-- Opening Marker --

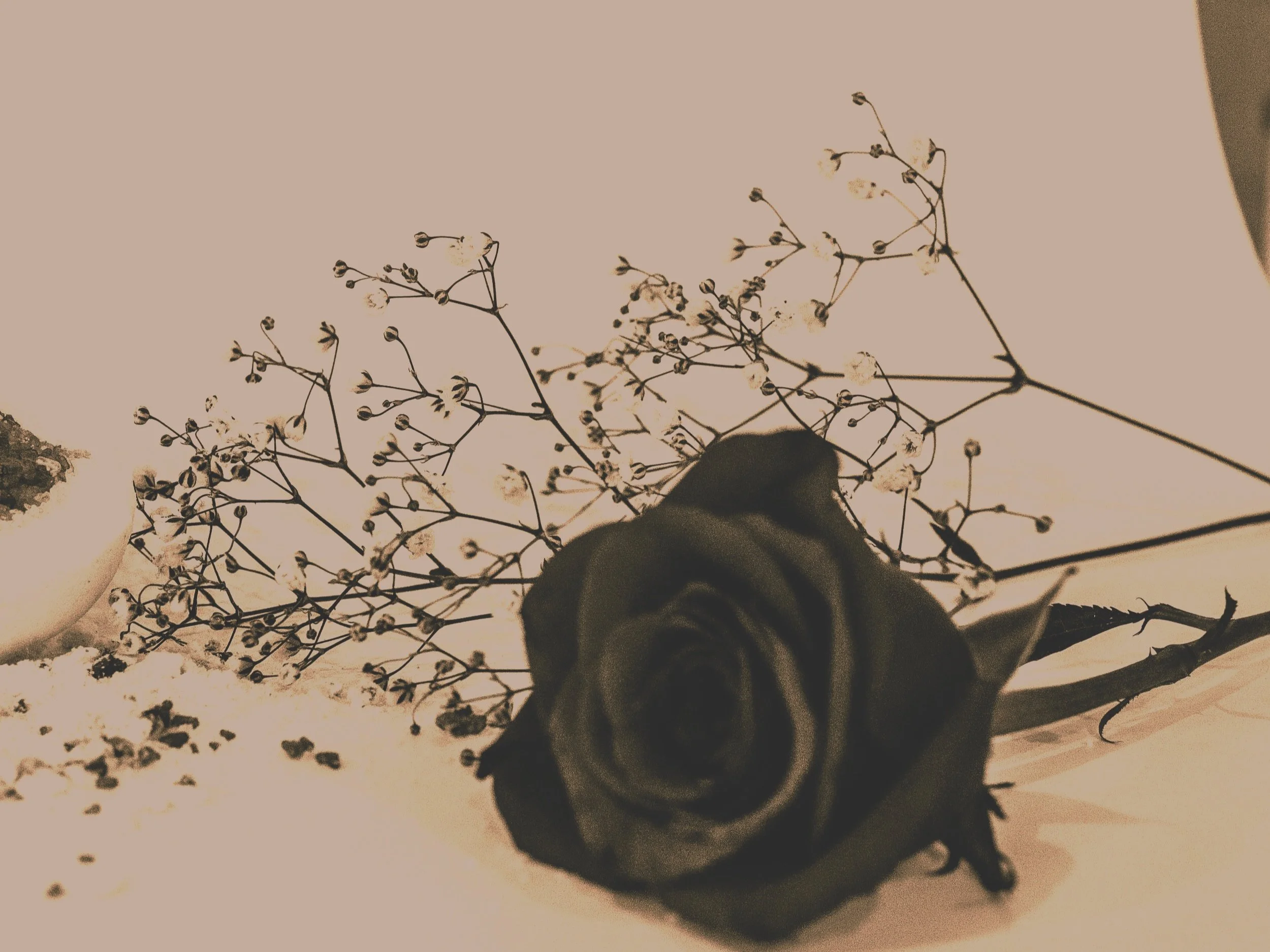 5 Things That 5 Years of Grief Recovery Have Taught Me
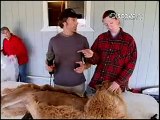 Dirty Jobs - Alpaca Shearing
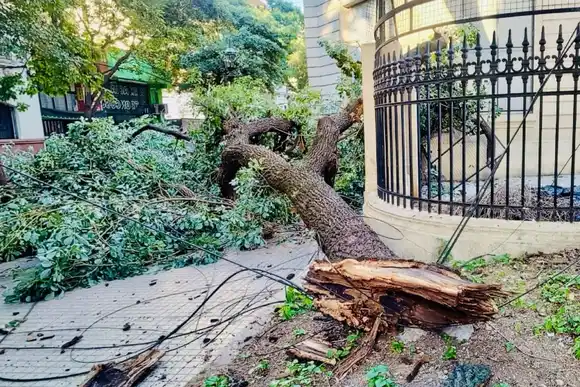 Un árbol cayó, rompió una reja y arrancó cables en el centro de Rosario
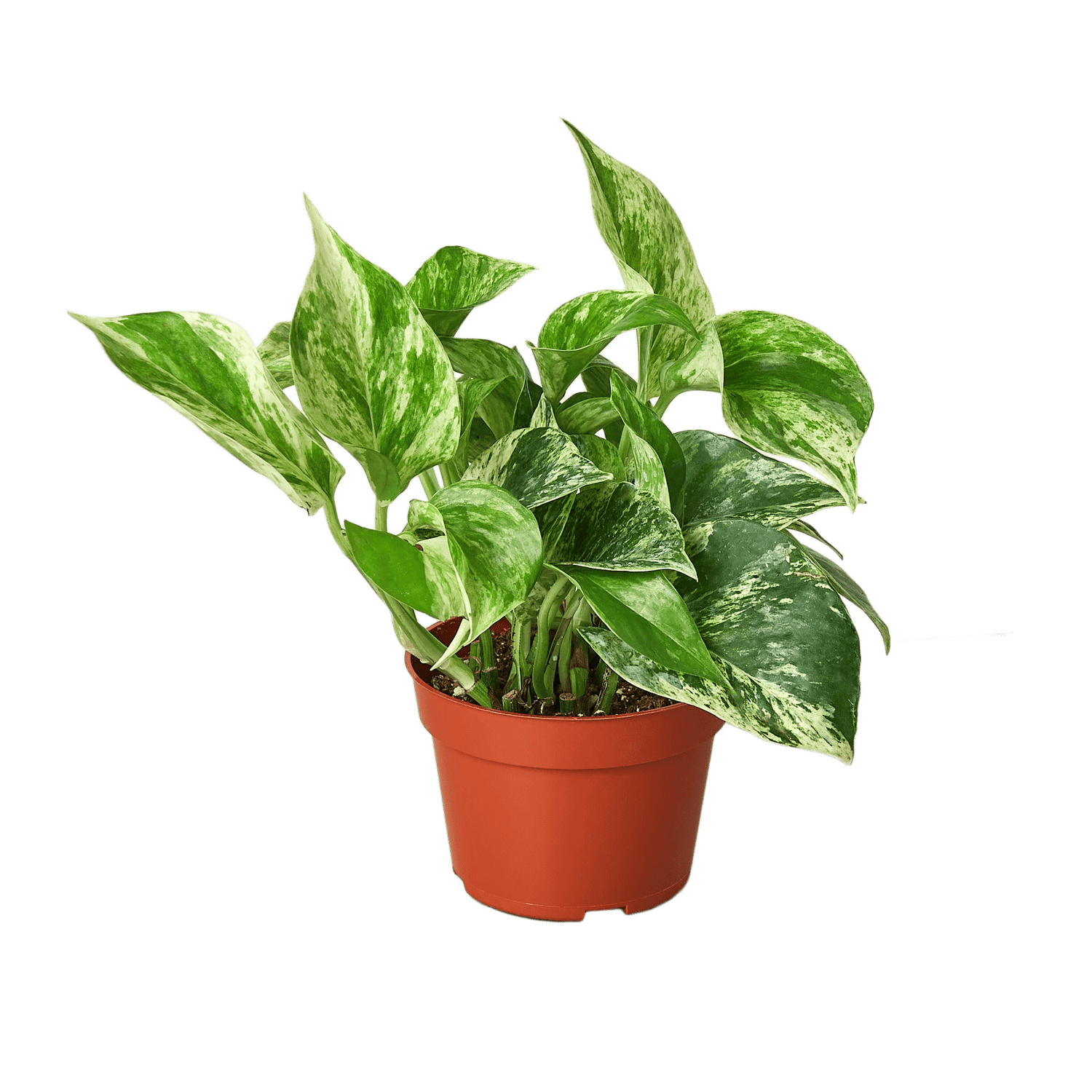 Pothos &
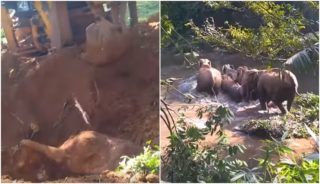 Vesničané zachránili zapadlé slůně. To, jak slonice reagovala, všechny šokovalo! VIDEO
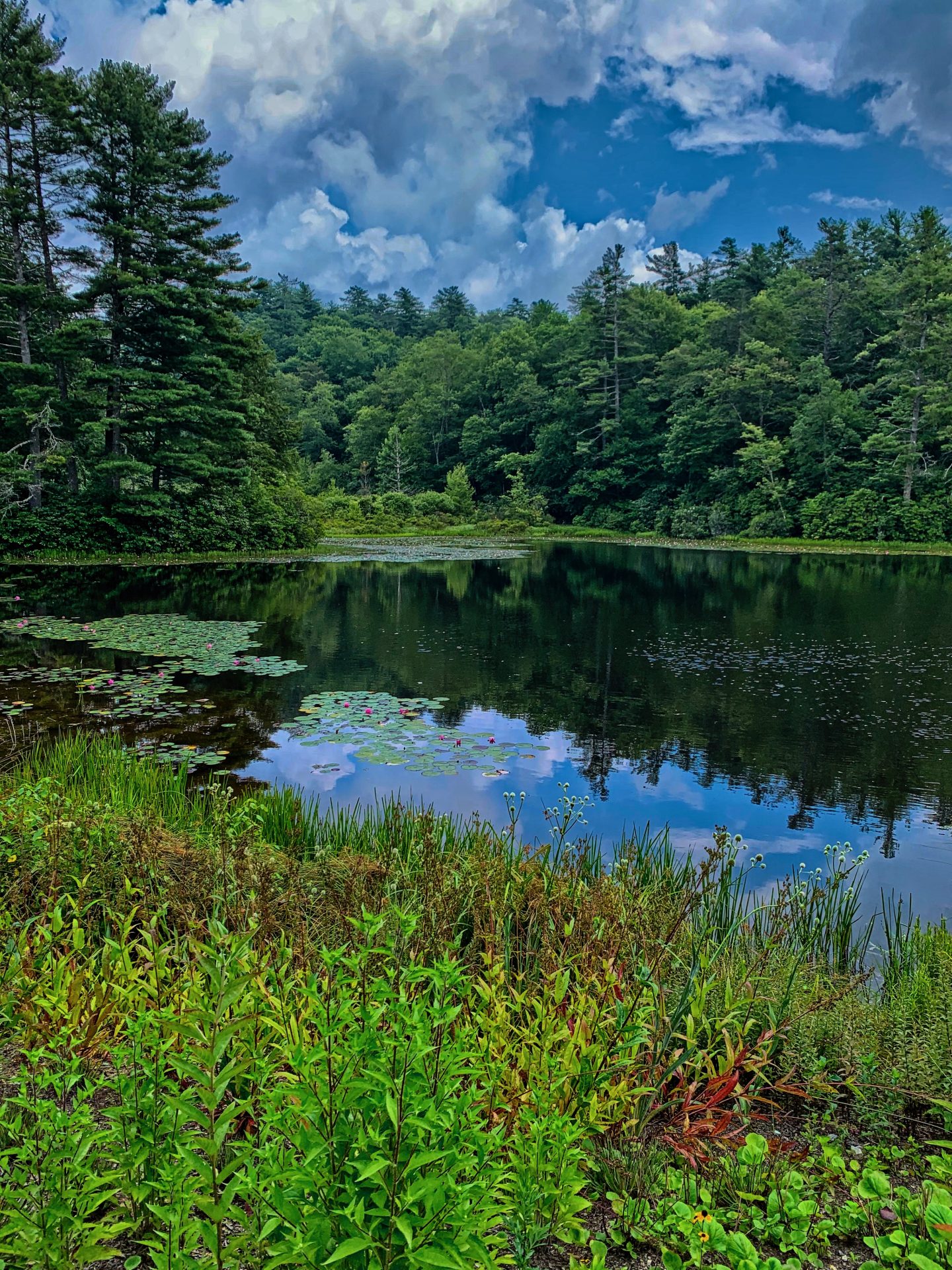 Highlands Biological Station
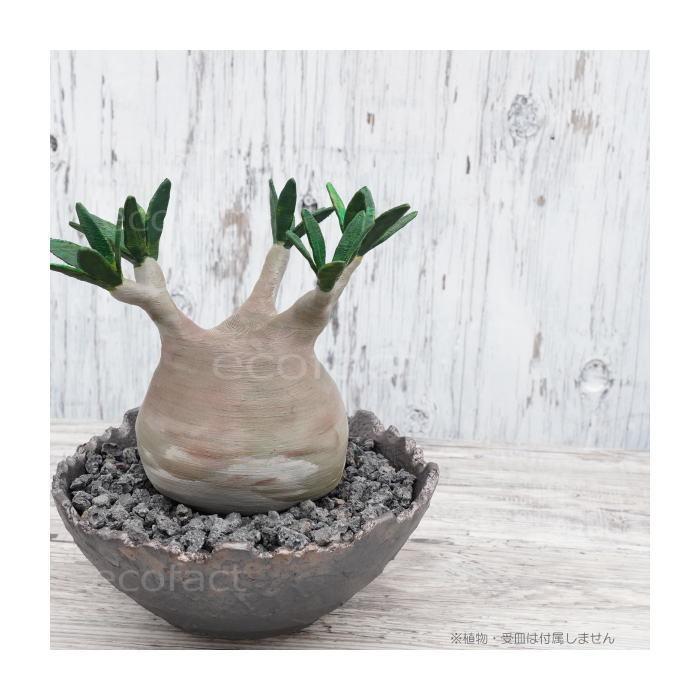 陶器鉢 植木鉢 ミニポット 底穴あり BUNGA POT クラウン 平型 （大
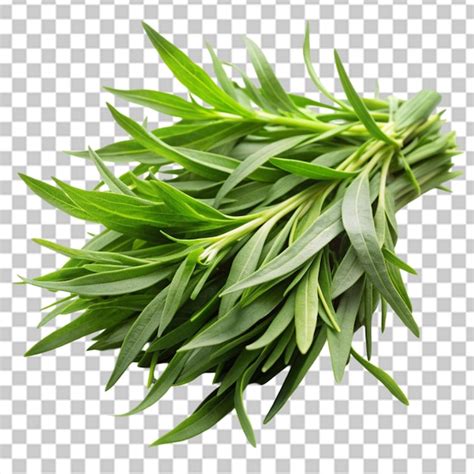 Tarragon Herbs On Transparent Background Premium Ai Generated Psd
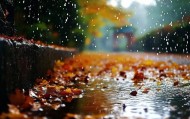 冷！冷！冷！北京这场秋雨啥时候停？
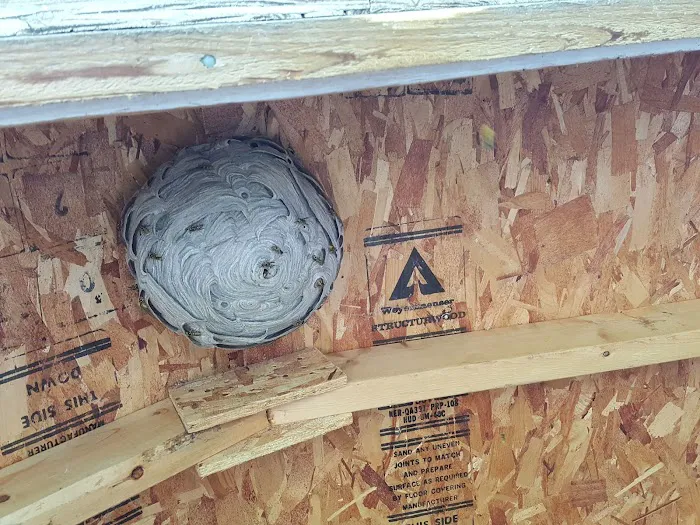 Pest Away Solutions LLC Picture 6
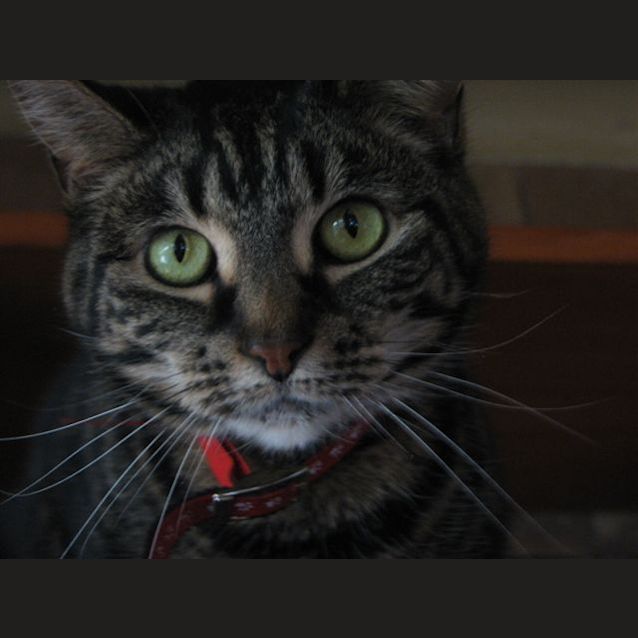 Photo of Buttons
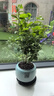想開茉莉花苗盆栽帶花苞九里香老樁花卉植物室內(nèi)濃香四季開花好養(yǎng) 茉莉花+國粹青花盆 曬單實(shí)拍圖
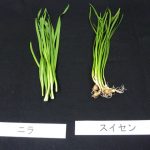 給食のニラ、実はスイセン　子育て支援施設で食中毒、京都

-- Closing Marker --

— Exercise description —
Write out a verbatim copy of the lines from the line that contains "冷！冷！冷！北京这场秋雨啥时候停？" through the end of the entries above; pictures are not copied.

— Written response —
 冷！冷！冷！北京这场秋雨啥时候停？
 Pest Away Solutions LLC Picture 6
 Photo of Buttons
想開茉莉花苗盆栽帶花苞九里香老樁花卉植物室內(nèi)濃香四季開花好養(yǎng) 茉莉花+國粹青花盆 曬單實(shí)拍圖
 給食のニラ、実はスイセン　子育て支援施設で食中毒、京都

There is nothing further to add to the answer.